THIRD

677 70 15
                                    

"Apa aku terlalu sibuk menghitung bintang hingga melupakan terangnya sang bulan."

Saat sesampai nya aku di rumah sakit, aku segera berlari memasuki ruang UGD. Dan disana kulihat Ayah dan Ibu yang sedang terduduk sambil terisak. Perlahan kudekati mereka. Apakah Feranica sangat parah kondisinya? Melihat kedatanganku ini, Ayah segera berdiri dari duduknya dan langsung menggenggam erat tanganku.

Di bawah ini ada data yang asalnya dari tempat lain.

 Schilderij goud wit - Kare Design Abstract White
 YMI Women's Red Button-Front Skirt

Tatapan Ayah yang sangat menyedihkan itu membuatku langsung memeluknya guna menenangkan dirinya yang mulai terisak kembali. Bagaimana ini bisa terjadi?

Aku melepaskan pelukanku dan beralih memeluk Ibu yang masih sangat menangis hebat. Hanya inilah yang bisa kulakukan untuk menenangkan kedua orang tuaku.

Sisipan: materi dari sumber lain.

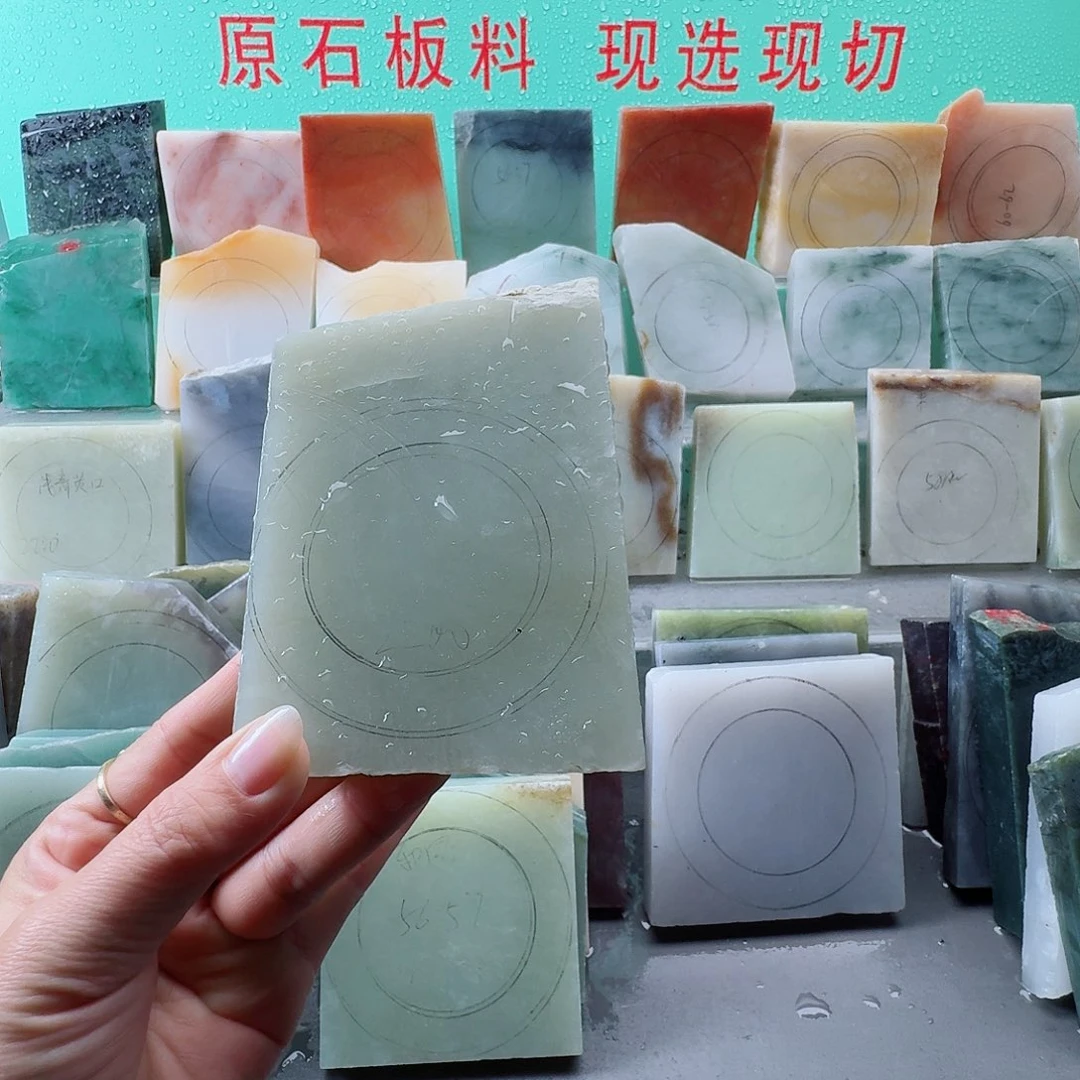 和田玉未镶嵌手镯手镯定制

Aku tau perasaan mereka seperti apa. Feranica adalah anak yang sangat berarti untuk orangtua ku, jadi aku tahu betul bagaimana sakitnya mereka saat mengetahui anak kesayangannya terluka.

"Ibu tenang yah.. Fera pasti baik-baik saja kok."

Aku mengelus punggung Ibuku. Memberikannya sedikit ketenangan. Ibu sangat menyanyangi Fera. Bahkan ia rela tidak tertidur dimalam hari hanya karena menunggu Fera yang belum pulang karena sesi pemotretannya.

Terkadang aku sangat ingin mencekik Fera saat dirinya melakukan hal-hal yang membuat Ayah dan ibu kwatir.

"Evelyn.. bagaimana kalo Fera tidak selamat hiks.."

"Ibu jangan bilang begitu, kita berdoa bersama,"

Aku semakin mengeratkan pelukanku kepada Ibu. Ayah pun ikut bergabung menenangkan Ibu yang semakin menjadi-jadi tangisannya.

Tuhan, kumohon selamatkanlah kakakku. Doa ku di dalam hati.

Tak lama kemudian seorang perawat keluar dari ruangan yang ada Fera didalamnya. Ayah dan ibu segera berlari menuju perawat tersebut. Bahkan ibu dengan sangat gesitnya melepaskan pelukanku.

Dan aku, aku hanya masih terdiam dibangku panjang ini. Sesaat kemudian dokter pun keluar dengan peluh disekitar wajahnya.

Kulihat dokter tersebut sedang berbicara dengan Ayah. Lalu Ibu diperbolehkan memasuki ruangan tempat Fera terbaring. Sedangkan aku masih betah duduk disini. Tapi bukan berarti aku tidak melakukan apa-apa. Tentu saja aku sedang berdoa.

Entahlah, aku bingung harus berekspresi seperti apa disaat seperti ini. Jika aku ikut menangis lalu siapa yang akan menenangkanku.

Aku hanya bisa terdiam dengan ekspresi datar, tapi bukan berarti aku tidak mengkwatirkan kondisi Fera. Aku jauh sangat bersedih dibandingkan Ayah dan Ibu.

Aku terkejut saat di depanku sudah ada Ayah dan juga dokter tadi. Dokter tersebut tersenyum kepadaku dan mau tak mau aku juga membalas senyumannya tersebut.

"Evelyn Ayah mohon bantuannya," ujar Ayahku.

"Bantuan apa, Ayah?"

"Tolong berikan sumsum tulang belakangmu untuk Fera, Ayah mohon.." ucap Ayah dengan suara seraknya.

Aku terpaku pada kalimat ayah barusan. Mataku mulai berkaca-kaca. Apa kondisi Fera separah itu? Apa aku harus menyelamatkannya? Lalu ketika dia pulih apa aku akan tetap dikucilkan dikeluarga ini?

Aku masih terdiam tak menjawab perkataan Ayah hingga dokter tersebut mulai ikut duduk disampingku.

"Aku tau ini sulit untukmu, nona. Tapi ini demi kakakmu. Dan kami tidak akan membahayakan kondisi seorang relawan hanya untuk menyelamatkan seorang pasien. Jadi, percayalah.."

Ucapan dokter tersebut cukup menenangkanku. Dan aku pun mengangguk menyutujui rencana mereka.

Lalu tiba-tiba Ibu datang menghampiriku. Dan aku berdiri untuk memeluk Ibu. Dengan seperti ini, akankah kasih sayang Ibu bertambah padaku jika aku menyelamatkan nyawa Fera?